Brief descriptive captions
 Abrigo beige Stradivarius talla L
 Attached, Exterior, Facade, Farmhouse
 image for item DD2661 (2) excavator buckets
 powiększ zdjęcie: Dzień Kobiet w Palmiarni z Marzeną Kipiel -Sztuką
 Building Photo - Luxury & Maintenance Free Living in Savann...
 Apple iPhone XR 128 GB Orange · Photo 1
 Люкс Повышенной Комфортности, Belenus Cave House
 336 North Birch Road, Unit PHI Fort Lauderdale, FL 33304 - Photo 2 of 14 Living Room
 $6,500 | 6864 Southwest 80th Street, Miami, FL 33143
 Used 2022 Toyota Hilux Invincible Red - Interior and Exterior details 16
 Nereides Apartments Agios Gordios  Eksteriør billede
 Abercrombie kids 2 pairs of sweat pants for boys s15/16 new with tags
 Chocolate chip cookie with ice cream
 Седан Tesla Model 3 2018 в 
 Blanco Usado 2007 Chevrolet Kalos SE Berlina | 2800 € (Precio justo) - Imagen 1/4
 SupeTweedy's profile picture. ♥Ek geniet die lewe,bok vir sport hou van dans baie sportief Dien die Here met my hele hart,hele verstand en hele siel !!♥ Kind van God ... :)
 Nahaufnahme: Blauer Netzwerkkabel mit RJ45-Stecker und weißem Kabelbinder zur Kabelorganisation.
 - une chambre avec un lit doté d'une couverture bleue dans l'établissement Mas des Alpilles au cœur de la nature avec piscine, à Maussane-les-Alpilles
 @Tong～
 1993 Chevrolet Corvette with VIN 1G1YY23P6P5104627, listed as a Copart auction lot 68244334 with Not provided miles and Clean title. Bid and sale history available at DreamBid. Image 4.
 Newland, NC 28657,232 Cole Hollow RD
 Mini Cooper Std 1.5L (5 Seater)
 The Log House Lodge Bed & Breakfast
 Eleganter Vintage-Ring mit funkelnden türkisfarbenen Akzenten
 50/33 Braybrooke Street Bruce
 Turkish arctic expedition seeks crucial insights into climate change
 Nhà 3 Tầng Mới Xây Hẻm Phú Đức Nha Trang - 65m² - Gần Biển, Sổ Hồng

» Exercise objective: Copy every line from the entries that contains the word "dans".

» Response area:
 SupeTweedy's profile picture. ♥Ek geniet die lewe,bok vir sport hou van dans baie sportief Dien die Here met my hele hart,hele verstand en hele siel !!♥ Kind van God ... :)
 - une chambre avec un lit doté d'une couverture bleue dans l'établissement Mas des Alpilles au cœur de la nature avec piscine, à Maussane-les-Alpilles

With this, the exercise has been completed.